TASK PROMPT: Look through the entries below for the line with "Dùng dao truy" and the line with "Conjunto de comedor", then give again exactly those two lines and all lines between them, minus the pictures.

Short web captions
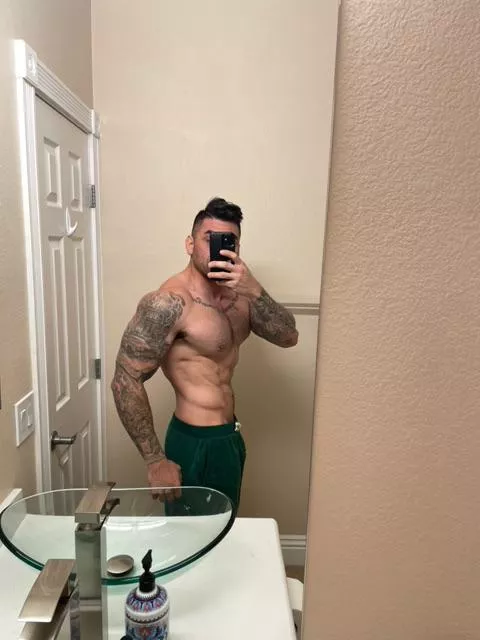 33(M)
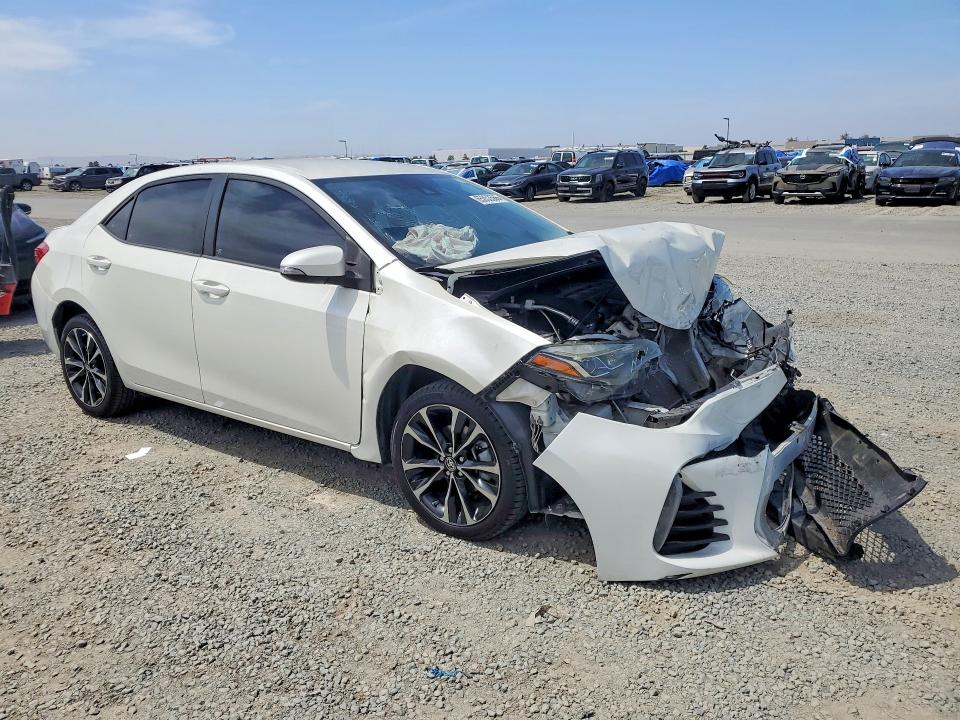 Photo 4 from auction – 2018 TOYOTA COROLLA with VIN 5YFBURHEXJP743063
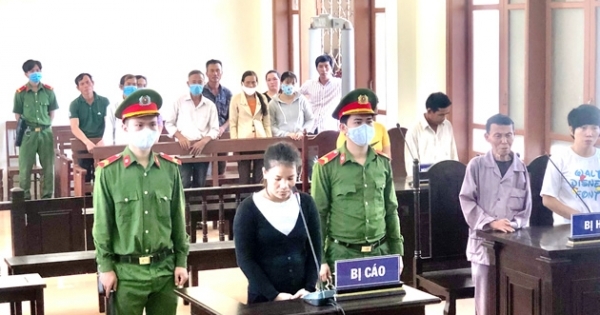 Dùng dao truy sát người yêu trong đêm Valentine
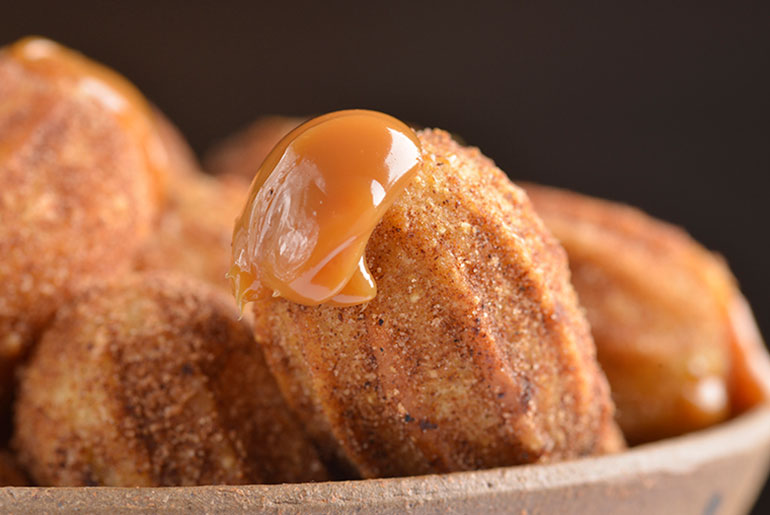 Mini Churros com Doce de Leite e Canela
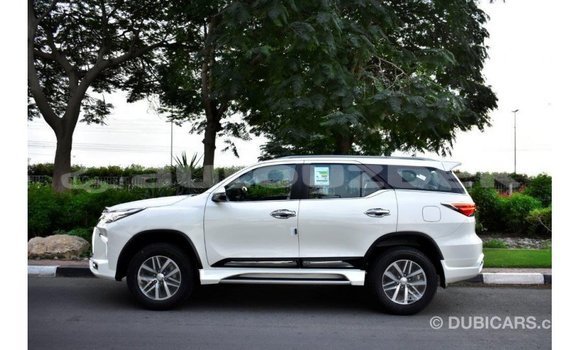 Buy Import Toyota Fortuner White Car in Import - Dubai in Andijon Buy Import Toyota Fortuner White Car in Import - Dubai in Andijon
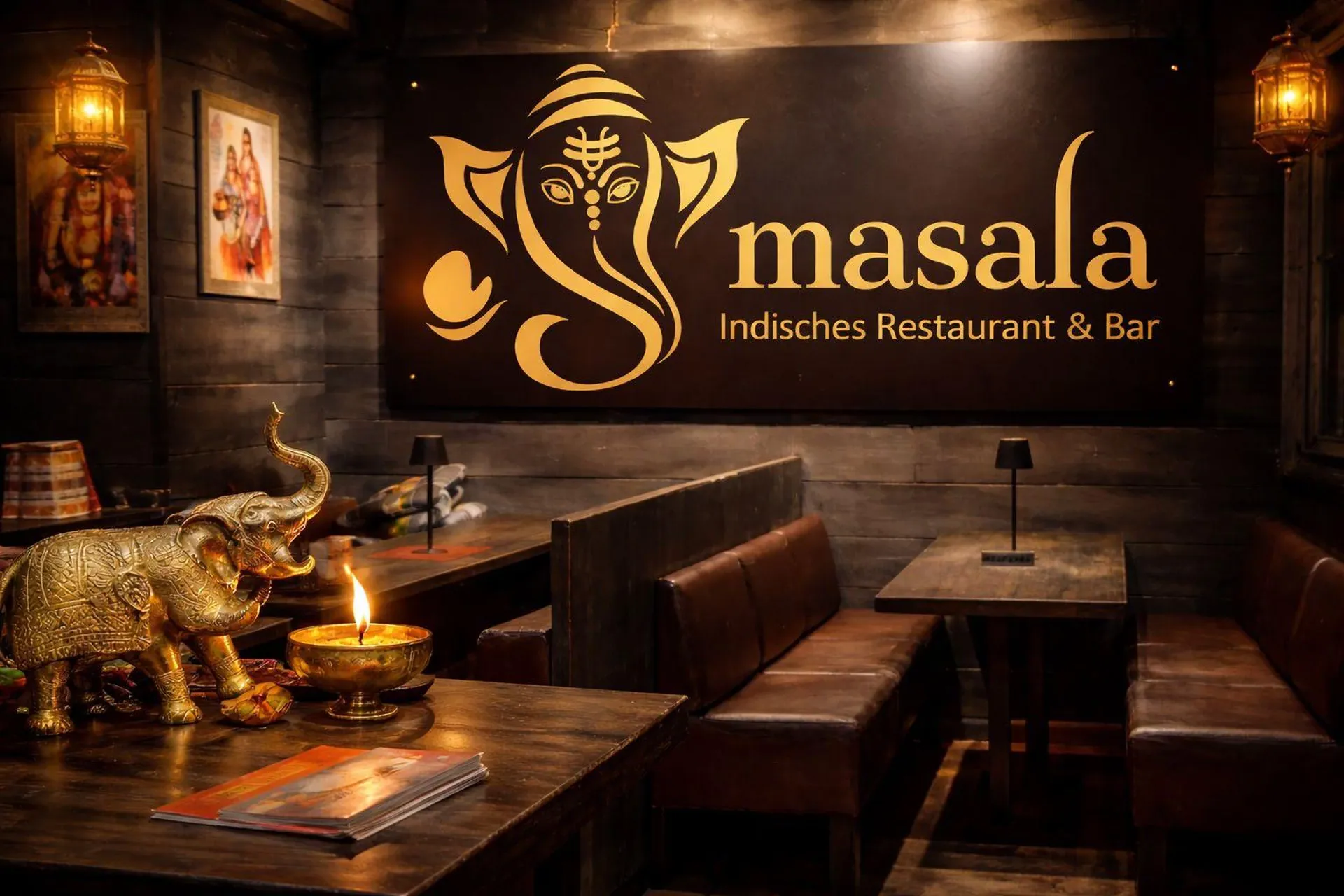 Goldenes Masala-Schild mit Ganesha-Motiv und warm beleuchteten Sitzplätzen.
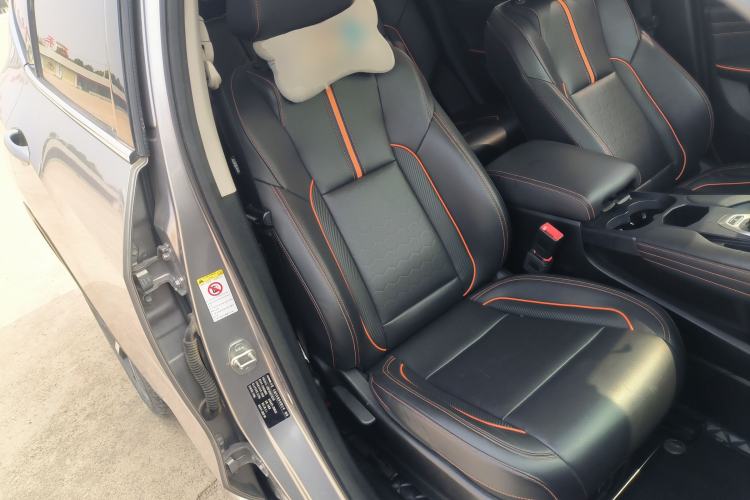 Used Haval F7 2021 1.5T Two-Wheel Drive i-Type Right Front Seat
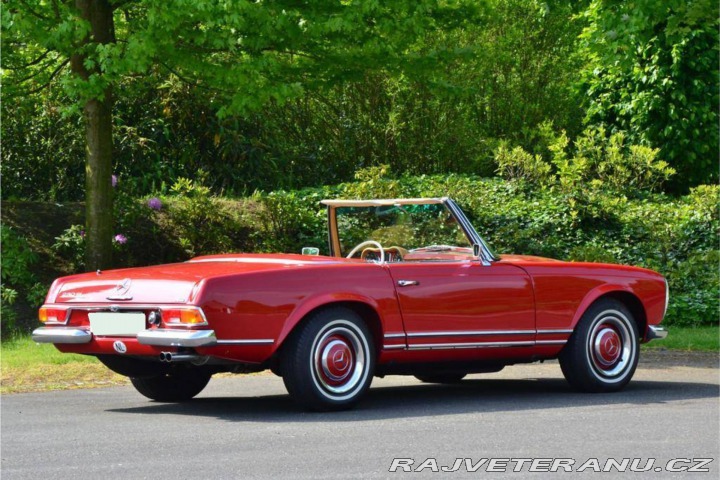 Mercedes-Benz 230 SL Pagoda 1964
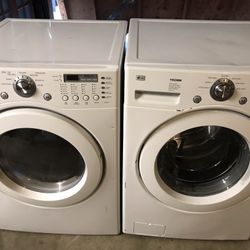 LG Washer And Gas Dryer Set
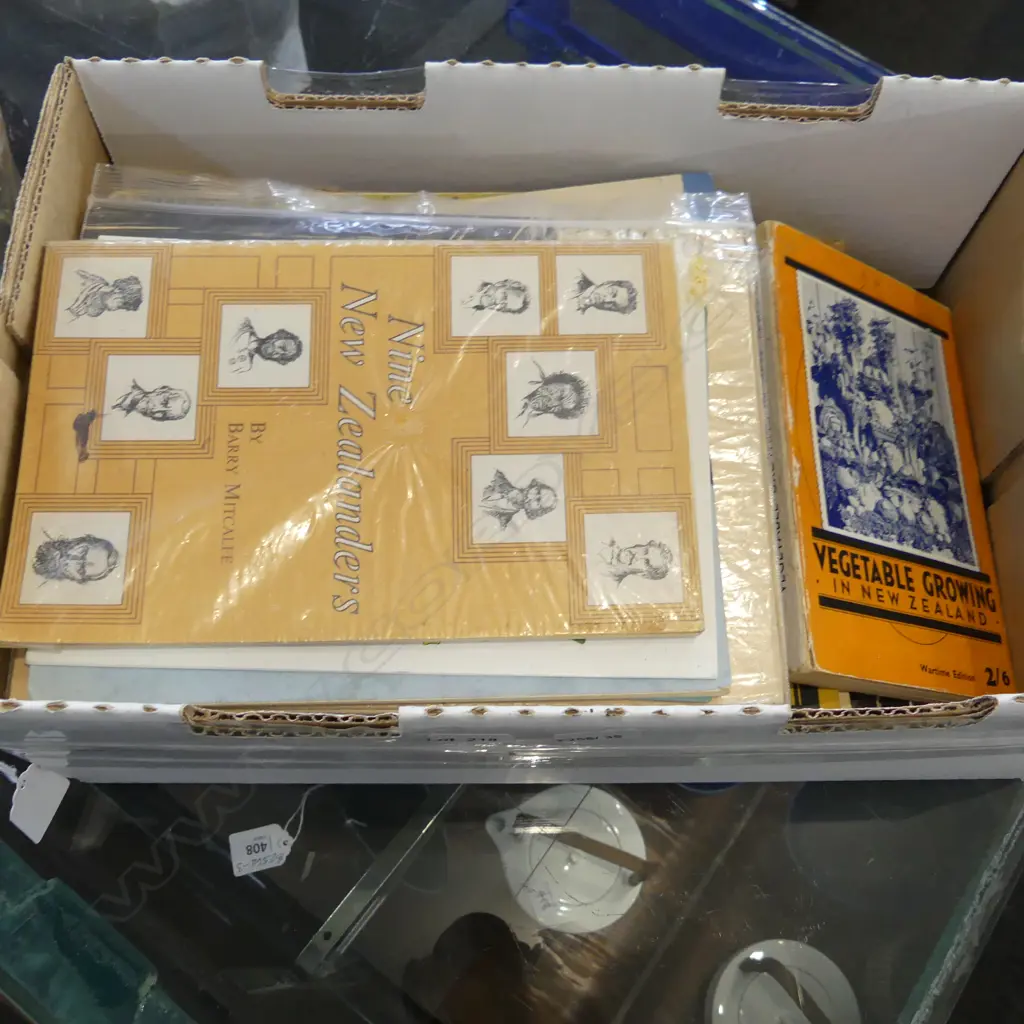 ASST. VINTAGE BOOKS, MAGAZINES NZ HISTORY INTEREST Image 1++
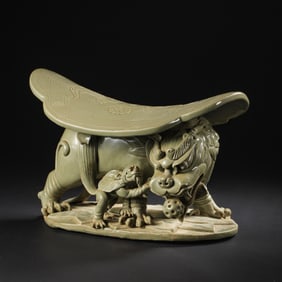 CHINESE SONG DYNASTY CELADON PILLOW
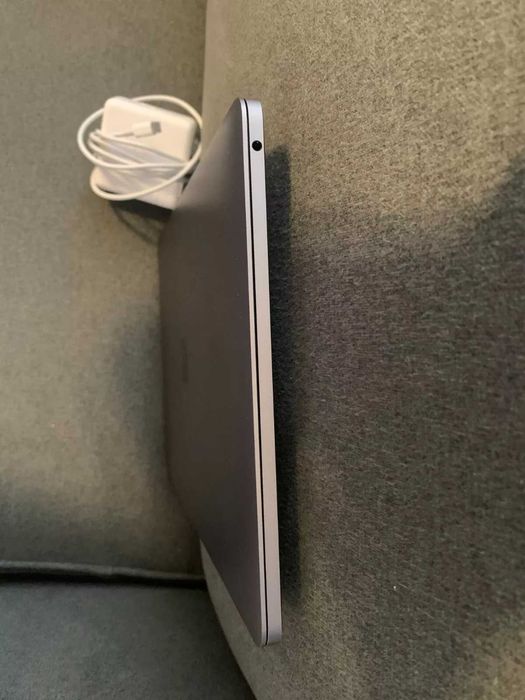 Продается Macbook pro 16/512 gb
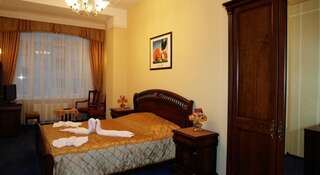 Гостиница Клуб-отель  Севастополь Большой двухместный номер c 1 кроватью или 2 отдельными кроватями-2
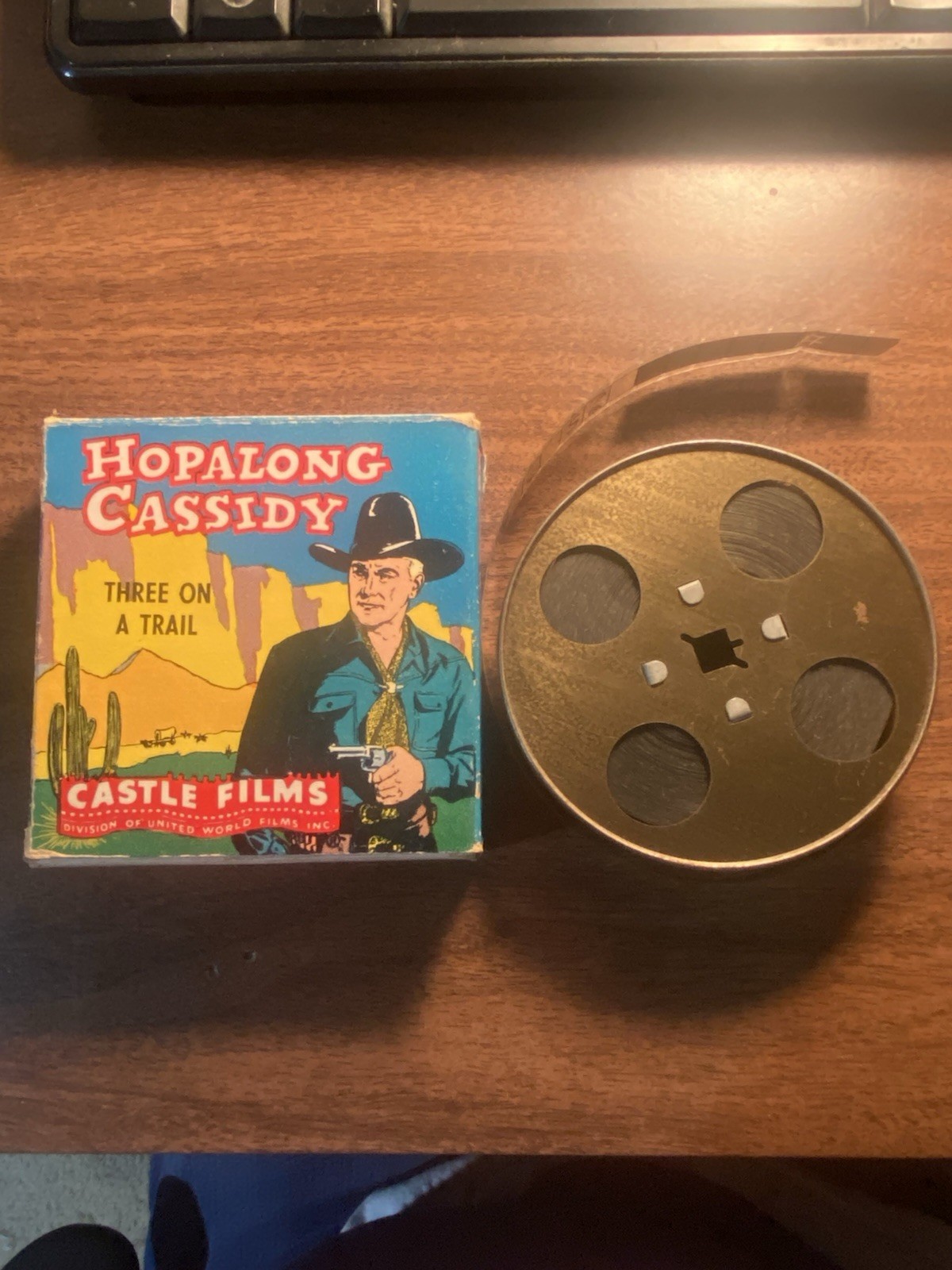 vintage Hopalong Cassidy 16MM film-Castle Films-Three On A Trail with Box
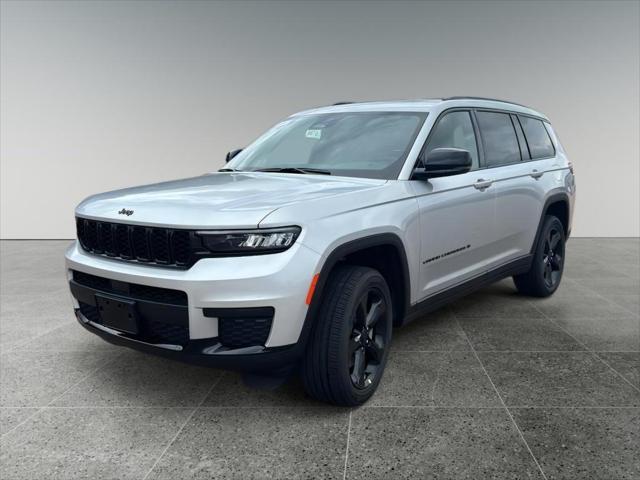 new 2025 Jeep Grand Cherokee L car, priced at $51,370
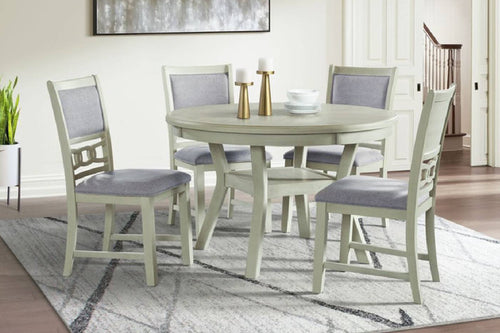 Conjunto de comedor con mesa redonda blanca y cuatro sillas sobre alfombra.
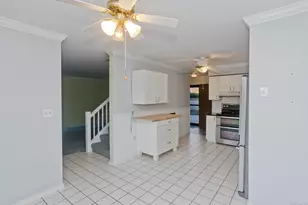 85 Viscount Dr, Milford, CT 06460 - Photo 6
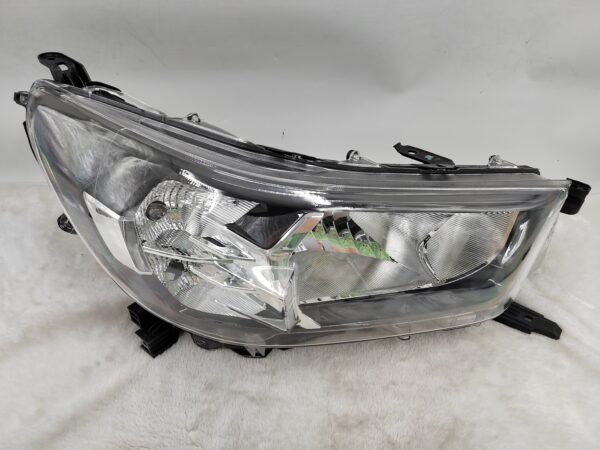 TOYOTA HILUX REVO 2020-2023 HALOGEN R.H.S HEADLIGHT ASSEMBLY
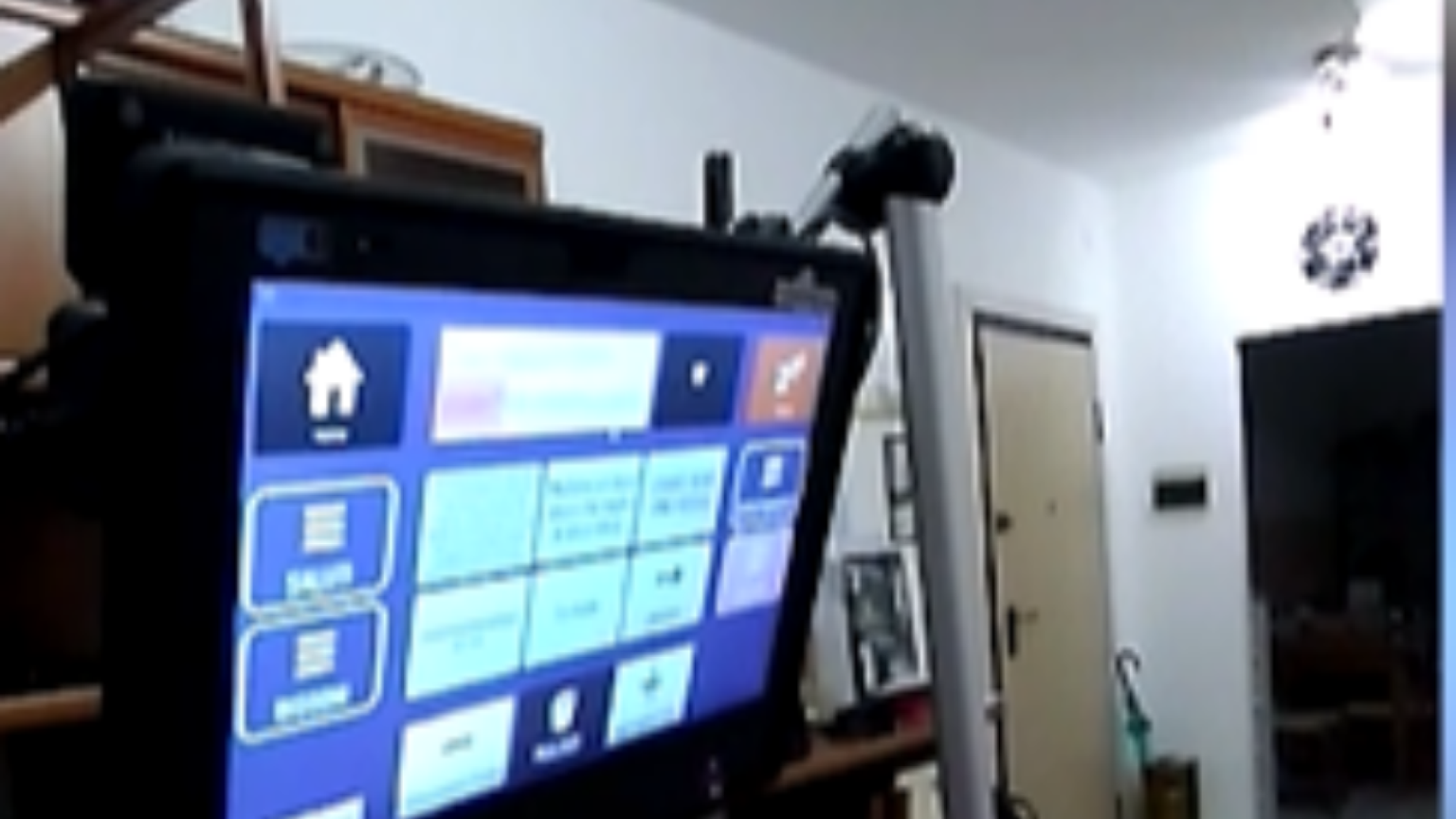 Disabili: atti notarili e testamenti col puntatore oculare, conquista di civiltà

TASK OUTPUT:
 Dùng dao truy sát người yêu trong đêm Valentine
 Mini Churros com Doce de Leite e Canela
 Buy Import Toyota Fortuner White Car in Import - Dubai in Andijon Buy Import Toyota Fortuner White Car in Import - Dubai in Andijon
 Goldenes Masala-Schild mit Ganesha-Motiv und warm beleuchteten Sitzplätzen.
 Used Haval F7 2021 1.5T Two-Wheel Drive i-Type Right Front Seat
 Mercedes-Benz 230 SL Pagoda 1964
 LG Washer And Gas Dryer Set
 ASST. VINTAGE BOOKS, MAGAZINES NZ HISTORY INTEREST Image 1++
 CHINESE SONG DYNASTY CELADON PILLOW
 Продается Macbook pro 16/512 gb
 Гостиница Клуб-отель  Севастополь Большой двухместный номер c 1 кроватью или 2 отдельными кроватями-2
 vintage Hopalong Cassidy 16MM film-Castle Films-Three On A Trail with Box
 new 2025 Jeep Grand Cherokee L car, priced at $51,370
 Conjunto de comedor con mesa redonda blanca y cuatro sillas sobre alfombra.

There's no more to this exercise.